Another way to solve the problem is the use of 4-vectors formalism, if you know it. Given a particle of mass M, having velocity ##\vec v ## in an inertial frame ( the “laboratory”) , its 4-impulse is defined as :
$$P = (\gamma M c , \gamma M \vec v ) = (\frac{E}{c} , \vec p) $$
Note that mass is invariant , doesn’t change with velocity. This is an old argument of discussion, if mass is to be considered increasing with velocity or not . The modern point of view is that mass is invariant with velocity. But this is a good subject for another discussion, now doesn’t matter.
In your exercise, the given mass M is at rest in the reference frame of the laboratory, so its 4-impulse is:
##P=( Mc,0)##
because its velocity is zero and ##\gamma =1## . So its total energy is only rest energy , that is : ##E = Mc^2##, and the time component of P is just ## E/c = Mc## . The space component is zero : ## \vec p = 0 ## .
Now M splits into ##m_{1}##, which goes left with speed ##v_{1}## and relevant factor ##\gamma_{1}##; and ##m_{2}##, which goes right with speed ##v_{2}## and relevant factor ##\gamma_{2}##.
This implies that they have 4-impulse :
##P_{1} = (\gamma_{1} m_{1} c , \gamma_{1} m_{1} \vec v_{1} )##
##P_{2} = (\gamma_{2} m_{2} c , \gamma_{2} m_{2} \vec v_{2} )##
Now , it must be : ## P = P_{1} + P_{2} ##
from which , first of all, we see that the vector sum of spatial terms , that is momenta, is zero ; and it is almost obvious because the system is isolated, as in non relativistic mechanics.
But more important is that :
$$ Mc = \gamma_{1} m_{1} c + \gamma_{2} m_{2} c = (\gamma_{1} m_{1} + \gamma_{2} m_{2} ) c $$
Now we can do two considerations .
First : multiplying for c both members , obtain that the rest energy ## Mc^2## of the original particle equals the sum of total energies of the two masses generated by the splitting. And this is logical : where does the energy of each particle come from ? Obvious , from the rest energy of the original particle. But each particle must have rest energy ## m_{i}c^2## ( i = 1,2) and kinetic energy too.
If splitting were relativistic, that is the two generated particles had a relativistic speed, the solution would be rather difficult. But we have small velocities, so the energy of each particle must be the sum of rest energy ##mc^2## and traditional kinetic energy ##1/2 *m *v^2## .

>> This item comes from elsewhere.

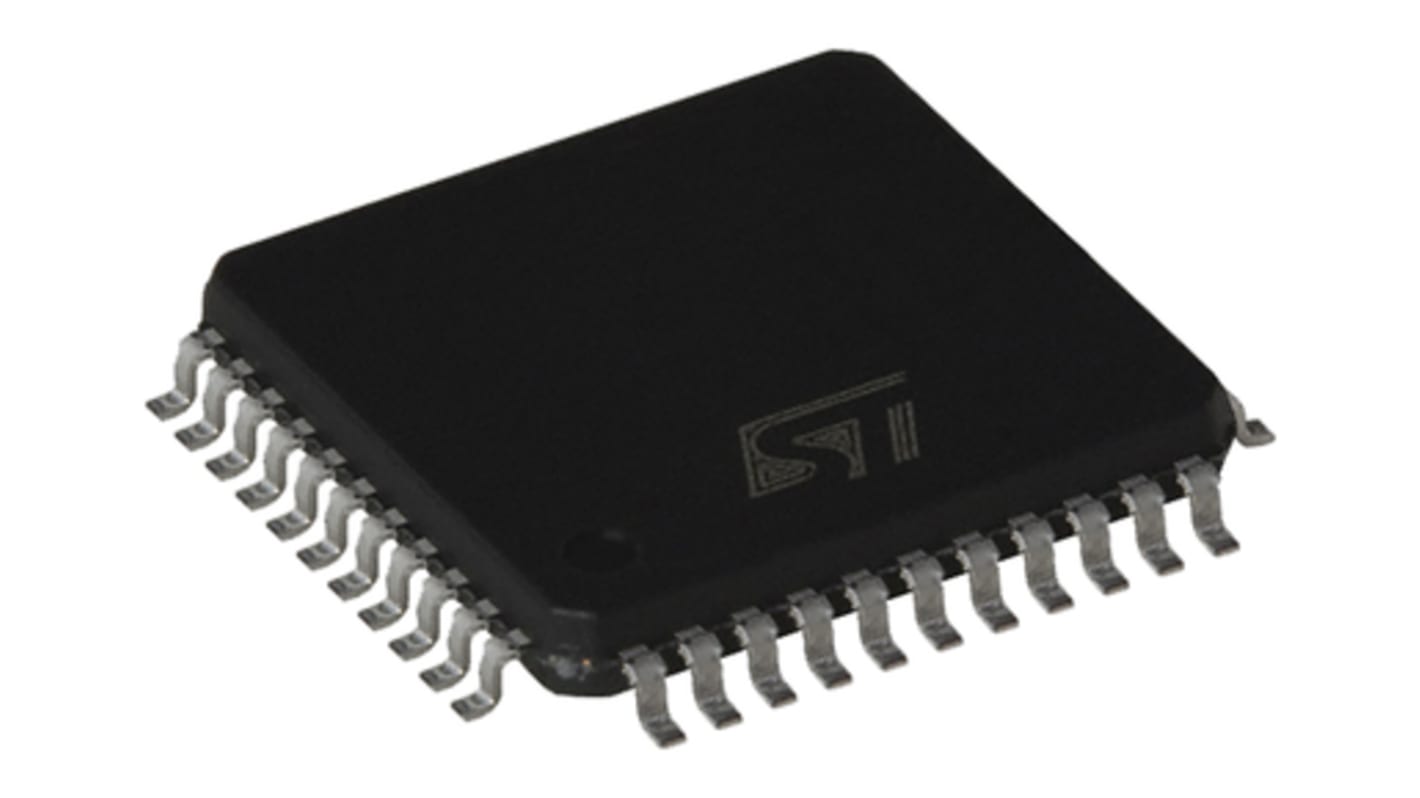 STMicroelectronics Mikrocontroller ST10 ST10 16bit SMD 256 KB PQFP 144-Pin 40MHz 12 KB RAM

second: consider that, for small speed, we can assume:
##\gamma \approx (1+ \frac {v^2}{2c^2} ## , as already suggested in reply #2. Do this for each of the two masses; in the end, you will have that:
$$M = m_{1} + m_{2} + \frac {1}{c^2} * (K_{1} + K_{2} )$$
where (...) are the classical kinetic energies.
And now you can answer your questions.